Vejam como evoluem os costumes e padrões éticos, de país para país, de época para época. No Brasil, a partir do chamado Programa Nacional de Desestatizações (rebatizado de Programa de Parcerias de Investimentos), temos tido um rosário de “panamás”, cujos mentores, em vez de serem processados e desmoralizados, como foi o Visconde de Lesseps, ocupam cargos importantes no governo e são homenageados nas colunas econômicas e noticiários de televisão.
Uma das primeiras “contas” de nosso rosário de “panamás” foi colocada em 1.996, com a desestatização da Light, que havia sido estatizada em 1.979. Estávamos no governo FHC, com o Sr. José Serra no ministério do planejamento e seu amigo Mendonça de Barros na presidência do BNDES.
A desestatização da Light favoreceu a estatal francesa Électricité de France (EDF), associada à norte-americana AES e à Companhia Siderúrgica Nacional, então recém-comprada pelo grupo do Sr. Benjamin Steinbruch.
Curiosamente, os 2,2 bilhões de reais da época que o governo diz ter recebido, vieram em boa parte do próprio governo (BNDES, Eletrobrás e PREVI). Na época, a PGR não era como hoje, de modo que o Ministério Público não investigou esse “panamá”.
Quando a empresa era estatal, os serviços eram melhores porque investia-se em manutenção cerca de 700 milhões de reais da época, por ano. Para que o leitor se situe diante desses números, convém assinalar que a Light vendia 31 milhões de megawattshora por ano, cobrando dos consumidores residenciais, comerciais e industriais uma tarifa média de 190 reais por megawatthora; portanto o faturamento anual estava em torno de R$ 5,9 bilhões da época. A eletricidade vendida era em grande parte comprada de Furnas a aproximadamente 44 reais por megawatthora, portanto o lucro operacional da Light ia a mais de R$ 4,5 bilhões da época, por ano.
Ao ser privatizada, a empresa funcionava muito bem. Suas dívidas tinham sido “engolidas” pelo Estado e o consórcio comprador contou com importantes subsídios do BNDES. E, com a demissão de experientes equipes de manutenção e a terceirização de vários serviços técnicos, as despesas operacionais – e a qualidade – também caíram muito, podendo então o lucro líquido chegar a 7 bilhões de reais por ano, em valores atualizados, já descontados os impostos. Uma fatia desse lucro ia para a França, para custear as aposentadorias de nossos “pobres” colegas da EDF. Por diferentes motivos, a EDF, a AES e a CSN acabaram saindo do empreendimento e, hoje, a Light é controlada pela CEMIG.
O “panamá” das privatizações ficava ainda mais extravagante à luz das promessas feitas por FHC e seu ministro da fazenda de que as tarifas ficariam mais baratas e que, com a receita obtida, a dívida pública seria reduzida.
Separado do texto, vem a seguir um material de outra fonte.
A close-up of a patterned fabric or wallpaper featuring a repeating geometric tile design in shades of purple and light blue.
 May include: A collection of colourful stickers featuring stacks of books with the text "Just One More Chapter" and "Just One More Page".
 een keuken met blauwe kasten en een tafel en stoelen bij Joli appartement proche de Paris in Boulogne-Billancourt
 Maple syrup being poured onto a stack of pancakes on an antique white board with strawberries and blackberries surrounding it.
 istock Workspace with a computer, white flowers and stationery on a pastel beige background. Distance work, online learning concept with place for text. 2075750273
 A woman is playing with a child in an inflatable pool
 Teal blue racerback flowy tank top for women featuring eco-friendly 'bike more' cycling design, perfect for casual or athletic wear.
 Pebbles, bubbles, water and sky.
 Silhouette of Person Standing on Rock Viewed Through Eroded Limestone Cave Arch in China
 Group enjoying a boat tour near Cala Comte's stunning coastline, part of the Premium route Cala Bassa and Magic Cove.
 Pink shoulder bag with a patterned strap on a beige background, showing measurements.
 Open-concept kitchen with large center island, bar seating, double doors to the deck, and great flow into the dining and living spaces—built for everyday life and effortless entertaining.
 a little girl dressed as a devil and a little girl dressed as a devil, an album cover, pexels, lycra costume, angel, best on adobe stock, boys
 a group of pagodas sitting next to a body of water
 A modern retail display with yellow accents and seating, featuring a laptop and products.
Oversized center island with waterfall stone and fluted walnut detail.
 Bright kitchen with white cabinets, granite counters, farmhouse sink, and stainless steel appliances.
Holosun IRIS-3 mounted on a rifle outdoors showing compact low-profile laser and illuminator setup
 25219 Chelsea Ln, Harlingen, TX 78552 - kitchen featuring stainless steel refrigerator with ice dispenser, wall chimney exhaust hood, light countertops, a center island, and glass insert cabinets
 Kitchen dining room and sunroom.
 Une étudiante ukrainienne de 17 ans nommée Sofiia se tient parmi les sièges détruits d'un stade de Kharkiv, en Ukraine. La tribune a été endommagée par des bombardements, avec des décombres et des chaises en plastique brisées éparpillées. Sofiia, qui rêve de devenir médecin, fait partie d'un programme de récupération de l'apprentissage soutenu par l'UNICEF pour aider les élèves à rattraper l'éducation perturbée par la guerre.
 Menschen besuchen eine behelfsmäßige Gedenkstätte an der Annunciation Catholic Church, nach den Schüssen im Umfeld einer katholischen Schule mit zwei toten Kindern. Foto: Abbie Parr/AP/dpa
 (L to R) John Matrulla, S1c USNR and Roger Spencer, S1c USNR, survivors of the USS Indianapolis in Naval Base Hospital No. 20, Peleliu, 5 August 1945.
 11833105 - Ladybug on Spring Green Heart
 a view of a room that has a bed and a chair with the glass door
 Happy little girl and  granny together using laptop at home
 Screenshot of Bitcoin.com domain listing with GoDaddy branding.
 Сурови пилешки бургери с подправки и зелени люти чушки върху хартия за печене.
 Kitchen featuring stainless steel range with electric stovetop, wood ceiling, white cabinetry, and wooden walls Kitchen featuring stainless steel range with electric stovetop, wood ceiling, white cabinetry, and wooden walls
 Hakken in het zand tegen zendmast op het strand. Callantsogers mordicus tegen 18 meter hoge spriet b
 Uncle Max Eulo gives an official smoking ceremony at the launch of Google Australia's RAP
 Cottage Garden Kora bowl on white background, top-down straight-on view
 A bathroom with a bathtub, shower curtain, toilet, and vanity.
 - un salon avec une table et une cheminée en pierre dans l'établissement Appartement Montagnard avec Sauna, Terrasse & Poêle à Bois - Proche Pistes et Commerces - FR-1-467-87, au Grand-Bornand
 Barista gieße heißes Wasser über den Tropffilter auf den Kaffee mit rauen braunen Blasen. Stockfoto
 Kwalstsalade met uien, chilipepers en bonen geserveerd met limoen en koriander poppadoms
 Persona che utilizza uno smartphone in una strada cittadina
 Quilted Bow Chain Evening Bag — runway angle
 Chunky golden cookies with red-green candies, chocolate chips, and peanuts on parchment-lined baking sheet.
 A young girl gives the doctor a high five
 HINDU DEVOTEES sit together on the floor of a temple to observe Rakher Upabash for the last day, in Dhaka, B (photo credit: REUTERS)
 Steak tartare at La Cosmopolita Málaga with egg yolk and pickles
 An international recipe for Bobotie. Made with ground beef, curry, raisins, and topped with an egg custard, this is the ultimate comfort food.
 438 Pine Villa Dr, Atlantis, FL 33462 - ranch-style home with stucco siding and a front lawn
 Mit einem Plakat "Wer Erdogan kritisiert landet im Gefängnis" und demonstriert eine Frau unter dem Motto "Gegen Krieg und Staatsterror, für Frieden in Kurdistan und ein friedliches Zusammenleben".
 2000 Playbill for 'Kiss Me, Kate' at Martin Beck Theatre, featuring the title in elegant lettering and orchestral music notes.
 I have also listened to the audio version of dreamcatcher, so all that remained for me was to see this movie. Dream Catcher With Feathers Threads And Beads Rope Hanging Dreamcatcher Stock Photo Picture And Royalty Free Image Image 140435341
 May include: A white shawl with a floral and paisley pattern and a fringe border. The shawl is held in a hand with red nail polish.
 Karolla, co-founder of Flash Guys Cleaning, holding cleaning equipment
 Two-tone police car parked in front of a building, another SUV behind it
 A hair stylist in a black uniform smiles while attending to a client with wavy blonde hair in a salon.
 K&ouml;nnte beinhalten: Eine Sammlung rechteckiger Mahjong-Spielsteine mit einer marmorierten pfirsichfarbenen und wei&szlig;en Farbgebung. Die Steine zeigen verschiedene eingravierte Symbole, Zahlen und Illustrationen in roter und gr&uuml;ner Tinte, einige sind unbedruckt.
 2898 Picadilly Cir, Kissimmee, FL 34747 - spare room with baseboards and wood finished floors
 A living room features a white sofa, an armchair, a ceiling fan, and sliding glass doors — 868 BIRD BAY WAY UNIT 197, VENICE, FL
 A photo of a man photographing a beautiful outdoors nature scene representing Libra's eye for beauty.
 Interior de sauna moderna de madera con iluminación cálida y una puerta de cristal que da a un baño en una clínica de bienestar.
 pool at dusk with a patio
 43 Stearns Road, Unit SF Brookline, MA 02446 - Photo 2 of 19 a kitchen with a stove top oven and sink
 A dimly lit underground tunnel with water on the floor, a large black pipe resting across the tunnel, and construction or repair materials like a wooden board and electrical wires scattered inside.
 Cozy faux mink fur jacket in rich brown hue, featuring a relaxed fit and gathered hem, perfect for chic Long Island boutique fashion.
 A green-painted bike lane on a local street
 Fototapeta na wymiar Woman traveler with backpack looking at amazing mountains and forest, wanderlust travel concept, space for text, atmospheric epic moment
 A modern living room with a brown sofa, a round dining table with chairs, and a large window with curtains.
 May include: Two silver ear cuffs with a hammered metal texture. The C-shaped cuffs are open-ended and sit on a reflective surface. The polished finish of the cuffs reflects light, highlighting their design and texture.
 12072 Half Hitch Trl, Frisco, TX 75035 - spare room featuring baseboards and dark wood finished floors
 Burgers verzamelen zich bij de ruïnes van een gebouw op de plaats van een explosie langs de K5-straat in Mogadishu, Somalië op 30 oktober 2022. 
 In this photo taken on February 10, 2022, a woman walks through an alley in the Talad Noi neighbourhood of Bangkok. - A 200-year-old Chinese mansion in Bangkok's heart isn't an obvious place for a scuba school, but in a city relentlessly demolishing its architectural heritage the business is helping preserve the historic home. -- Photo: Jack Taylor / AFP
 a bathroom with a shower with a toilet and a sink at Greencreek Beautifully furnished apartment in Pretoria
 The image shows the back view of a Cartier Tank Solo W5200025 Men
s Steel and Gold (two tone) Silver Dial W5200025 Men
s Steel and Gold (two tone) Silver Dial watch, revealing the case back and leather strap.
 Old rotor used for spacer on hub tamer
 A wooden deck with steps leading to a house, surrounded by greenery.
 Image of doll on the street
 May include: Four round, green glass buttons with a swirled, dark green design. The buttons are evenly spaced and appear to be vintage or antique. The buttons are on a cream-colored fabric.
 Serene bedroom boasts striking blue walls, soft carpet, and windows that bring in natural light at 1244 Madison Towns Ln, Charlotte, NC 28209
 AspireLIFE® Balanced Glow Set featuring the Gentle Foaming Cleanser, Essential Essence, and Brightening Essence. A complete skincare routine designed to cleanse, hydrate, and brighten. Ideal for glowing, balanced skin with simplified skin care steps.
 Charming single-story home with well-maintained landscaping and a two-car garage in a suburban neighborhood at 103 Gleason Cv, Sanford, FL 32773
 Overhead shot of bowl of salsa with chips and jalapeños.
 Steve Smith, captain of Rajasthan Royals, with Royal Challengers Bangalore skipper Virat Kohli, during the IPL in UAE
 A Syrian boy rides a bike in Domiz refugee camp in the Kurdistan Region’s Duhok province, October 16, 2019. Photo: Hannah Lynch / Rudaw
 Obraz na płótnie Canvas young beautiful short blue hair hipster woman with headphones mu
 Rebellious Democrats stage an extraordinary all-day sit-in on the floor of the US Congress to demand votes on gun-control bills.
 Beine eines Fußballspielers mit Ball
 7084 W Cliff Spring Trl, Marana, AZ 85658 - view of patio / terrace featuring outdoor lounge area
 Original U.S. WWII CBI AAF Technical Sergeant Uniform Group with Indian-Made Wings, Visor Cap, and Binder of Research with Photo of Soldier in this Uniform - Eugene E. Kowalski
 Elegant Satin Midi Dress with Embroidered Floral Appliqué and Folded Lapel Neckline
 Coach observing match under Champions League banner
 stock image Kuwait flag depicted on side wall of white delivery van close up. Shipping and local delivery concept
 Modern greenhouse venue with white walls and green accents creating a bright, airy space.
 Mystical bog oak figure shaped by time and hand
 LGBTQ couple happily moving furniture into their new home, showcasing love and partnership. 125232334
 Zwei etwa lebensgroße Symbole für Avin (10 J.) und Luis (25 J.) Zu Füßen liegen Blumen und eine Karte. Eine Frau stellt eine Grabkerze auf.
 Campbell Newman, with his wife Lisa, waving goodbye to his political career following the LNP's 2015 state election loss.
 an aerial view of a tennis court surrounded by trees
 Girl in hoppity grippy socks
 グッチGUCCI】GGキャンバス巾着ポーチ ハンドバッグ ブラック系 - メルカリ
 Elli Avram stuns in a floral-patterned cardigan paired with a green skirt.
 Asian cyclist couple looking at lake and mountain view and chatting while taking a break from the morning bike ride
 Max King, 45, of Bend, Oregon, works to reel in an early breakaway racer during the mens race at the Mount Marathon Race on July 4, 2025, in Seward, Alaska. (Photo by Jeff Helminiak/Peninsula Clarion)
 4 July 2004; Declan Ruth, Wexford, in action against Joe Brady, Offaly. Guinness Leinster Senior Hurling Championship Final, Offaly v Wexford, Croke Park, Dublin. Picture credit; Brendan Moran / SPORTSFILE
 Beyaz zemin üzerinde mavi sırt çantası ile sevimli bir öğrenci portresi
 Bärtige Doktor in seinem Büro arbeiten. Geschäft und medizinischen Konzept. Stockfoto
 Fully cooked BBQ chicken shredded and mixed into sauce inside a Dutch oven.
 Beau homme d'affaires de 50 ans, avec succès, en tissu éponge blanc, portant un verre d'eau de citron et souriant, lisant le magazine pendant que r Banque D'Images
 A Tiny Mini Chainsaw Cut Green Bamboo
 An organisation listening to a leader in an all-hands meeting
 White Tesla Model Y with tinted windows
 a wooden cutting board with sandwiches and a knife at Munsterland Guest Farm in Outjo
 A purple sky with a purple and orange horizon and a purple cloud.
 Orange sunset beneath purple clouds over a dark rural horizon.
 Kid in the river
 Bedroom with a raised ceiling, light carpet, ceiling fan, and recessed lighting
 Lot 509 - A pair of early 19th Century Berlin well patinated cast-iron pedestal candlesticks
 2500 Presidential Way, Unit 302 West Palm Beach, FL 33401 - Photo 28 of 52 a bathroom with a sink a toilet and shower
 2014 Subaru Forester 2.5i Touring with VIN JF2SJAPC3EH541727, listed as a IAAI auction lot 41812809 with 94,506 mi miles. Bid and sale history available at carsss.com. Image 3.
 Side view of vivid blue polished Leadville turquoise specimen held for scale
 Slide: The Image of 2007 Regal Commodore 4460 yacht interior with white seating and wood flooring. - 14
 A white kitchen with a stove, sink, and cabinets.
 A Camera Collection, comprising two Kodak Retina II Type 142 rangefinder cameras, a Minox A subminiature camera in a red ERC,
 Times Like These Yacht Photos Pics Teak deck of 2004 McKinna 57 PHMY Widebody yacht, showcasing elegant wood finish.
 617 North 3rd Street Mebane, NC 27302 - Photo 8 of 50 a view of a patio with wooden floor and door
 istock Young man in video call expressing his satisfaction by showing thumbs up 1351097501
E, livrando-se da responsabilidade de administrar empresas estatais, o governo poderia concentrar esforços em programas sociais, como os de saneamento, habitação, saúde, segurança pública, etc.
O resultado foi o oposto do prometido: as tarifas, que eram das mais baratas do mundo, ficaram entre as cinco mais caras; a dívida pública multiplicou-se muitas vezes, os programas sociais estão emperrados, a insegurança é total e a violência é rotineira. Além disso, sob o peso das remessas de lucros por parte da EDF e da AES, o endividamento externo passou a crescer em ritmo acelerado.
Apesar desse descalabro, a cobiça pelo que sobrou do sistema elétrico público (Eletrobrás, CEMIG, COPEL e o que resta da CESP) leva os promotores de negócios, com o beneplácito do presidente Temer e seu ministro de energia, a desfechar autênticas operações de lavagem cerebral, para camuflar os prejuízos causados pelas privatizações já feitas e “vender a ideia” de que a vida ficará melhor se tudo no Brasil for – reparem a leviandade – desregulamentado e entregue à exploração privada.
Daí a avalanche de promessas otimistas, feitas por autoridades e investidores jejunos em matéria de planejamento energético, porém direta ou indiretamente interessados na privatização das empresas de eletricidade. É fácil prever que, se suas propostas forem aceitas, as tarifas ficarão mais caras – e os “apagões” mais frequentes.
Por fim, convém lembrar que a eletricidade é indispensável para a produção industrial e o comércio; para as comunicações; a pesquisa científica; os hospitais e laboratórios; o lazer; o abastecimento e a conservação dos alimentos, enfim, para tudo. Os preços da eletricidade impactam todos os custos da economia, acabando por influir sobre a qualidade de vida das pessoas. Por conseguinte, tarifas elétricas não devem ser formadas ao talante de controladores de empresas de eletricidade, porque estes procuram máximos lucros em curto prazo, sem pensar na qualidade de vida, nem capacidade financeira dos consumidores.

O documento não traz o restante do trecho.